FZ vom 23.10.2015, Gerhard Schertler
Bei einer Bürgerinformationsveranstaltung zu den Bauplänen auf einem Bolzplatz an der Seestraße in Rommelshausen hat es keine Annäherung der gegensätzlichen Standpunkte gegeben. Die Gemeinde mit Bürgermeister Stefan Altenberger an der Spitze verteidigte am Mittwoch in der Alten Kelter vor etwa 100 Besuchern die Pläne der Kommune, den Bolzplatz stark zu verkleinern, von heute etwa 30 auf 40 Meter zu 24 auf 15 Meter, und stattdessen die Wiese für den Bau von dringend benötigten kommunalen Einrichtungen zu nutzen. Im Detail sollen eine Tagespflege für ältere Menschen, eine Sozialstation für die mobile Altenpflege, Betreuungsmöglichkeiten für Schulkinder und ein Kindergarten entstehen. Darüber hinaus beabsichtigt die Verwaltung dort das bestehende Obdachlosenheim zu erweitern, um zwischen 20 und 30 Flüchtlinge unterbringen zu können.

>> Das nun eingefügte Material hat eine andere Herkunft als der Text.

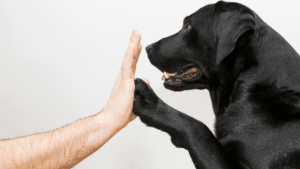 Tricks to teach your dog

Nachdem Altenberger die Überlegungen und das Projekt als 'beispielhaft für den gesamten Rems-Murr-Kreis' vorgestellt hatte, kam es zu einem scharfen Wortgefecht zwischen Vertretern der Bürgerinitiative pro Bolzplatz um die Präsentation deren Vorstellungen. Der Schultes willigte nicht ein, als BI-Vertreter Thorsten Hergemöller die Standpunkte der Nachbarn ausführlich in Wort und Bild darstellen wollte. Der Bürgermeister lehnte die Präsentation mit dem Hinweis ab, dass dies dann bei allen Bürgerinformationen der Gemeinde zugelassen werden müsse. Altenberger erntete bei den Besuchern in der Alten Kelter für diese Haltung keine Zustimmung. Er duldete allerdings, dass Hergemöller die BI-Argumente ausführlich mündlich vortrug.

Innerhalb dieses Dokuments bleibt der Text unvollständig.